Resultaatgerichtheid leidt door al dit meten tot een ethiek van ‘het resultaat heiligt de middelen’. De druk om te presteren kan zo maar leiden tot leerlingen, studenten en werkenden om zich ‘punten scorend en zelfsturend over de kop te werken’. Je doet alleen je best op school als het ook gemeten wordt, getoetst wordt.

Gezonde meethouding

In het slothoofdstuk geeft Berend van der Kolk zeven tips voor een gezonde meethouding, zich realiserend dat een supertip om alle meetproblemen de wereld uit te helpen niet bestaat. Ik noem de in mijn ogen belangrijkste tips.

Meet met mate en wil ook niet alles meten wat gemeten kan worden. ‘Meten is weten’ geldt wel voor de fysieke wereld, maar is heel wat minder bruikbaar voor het meten van succes, van de kwaliteit van het werk van een professional of van wat goed beleid is.

Houdt rekening met de context: in scholen, op universiteiten en in ziekenhuizen zijn de meetmogelijkheden veel geringer dan in een productieomgeving met relatief eenvoudige werkprocessen.

Verlies het doel niet uit het oog: kostbare en tijdrovende metingen met de daarmee gepaard gaande bureaucratie staan het behalen van de bedrijfsdoelstellingen eerder in de weg dan dat deze daaraan een bijdrage leveren.

Doe het samen lijkt mij de belangrijkste tip. Stel indicatoren op samen met de betrokkenen. Zij hebben beter zicht op wat zinvolle indicatoren zijn en het zal bijdragen aan de betrokkenheid en motivatie.
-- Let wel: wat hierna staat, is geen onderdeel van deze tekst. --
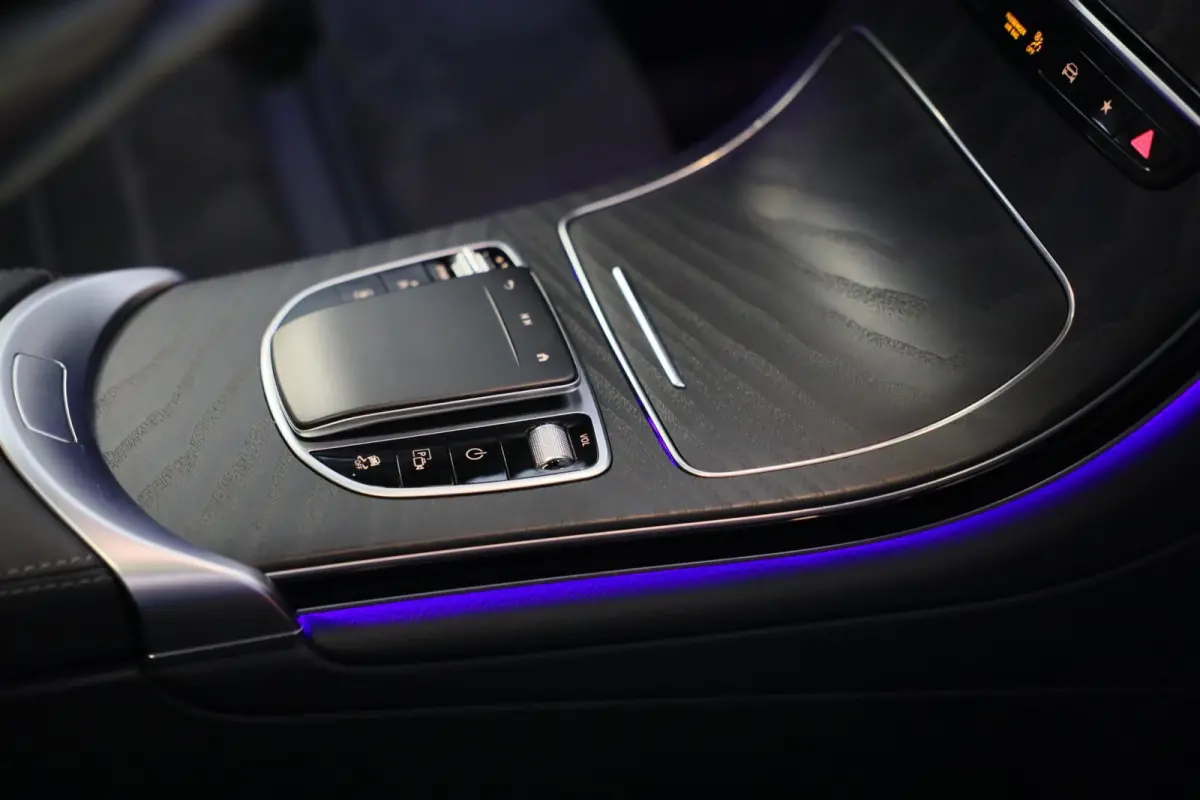 300e 4MATIC AMG 63 Look / Memory / Digital Cockpit / Open Dak / Camera / Acc / Trekhaak / Led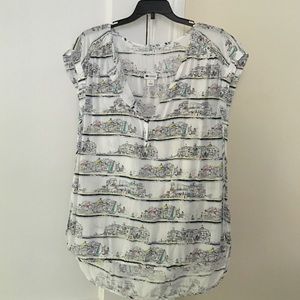 Cute high low short sleeve top!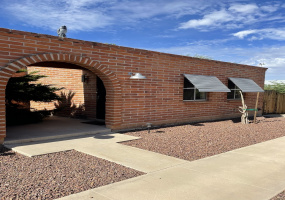 1219 N Dodge Blvd, Tucson, Arizona 85716, 2 Bedrooms Bedrooms, ,1 BathroomBathrooms,Four-Plex,For Rent,N Dodge Blvd,2360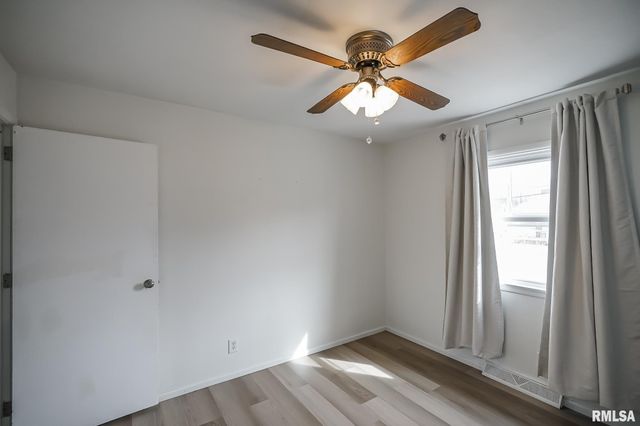 221 N STEWART Street, Creve Coeur, IL 61610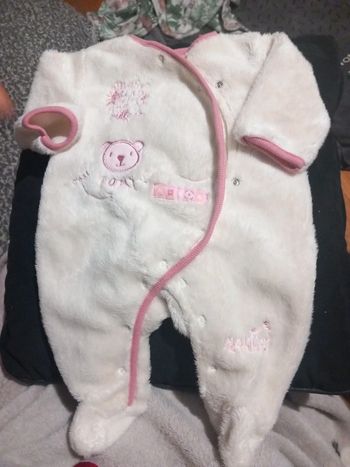 Pyjama taille 46/48mois prématuré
Zie cijfers als een startpunt, niet als eindpunt. Als startpunt van leer- en verbeteringsprocessen is meten zinvol en stop met meten als de verbetering is gerealiseerd.

Vietnamoorlog

Wat ik in De meetmaatschappij mis is de notie dat zeer veel meetsystemen zijn gebaseerd op wantrouwen en op de behoefte aan controle bij managers die vaak veraf staan van ‘de werkvloer’ en daarop per definitie dus geen zicht hebben. Ik mis ook de notie dat we belangrijk maken wat we kunnen meten in plaats te meten wat belangrijk is. Een generaal uit de Vietnamoorlog gaf eens als voorbeeld dat het meten van succes en vooruitgang op het slagveld heel belangrijk was, maar moeilijk was vast te stellen. Wat wel goed gemeten kon worden was het aantal gesneuvelde Vietnamezen en dat werd vervolgens belangrijk gemaakt.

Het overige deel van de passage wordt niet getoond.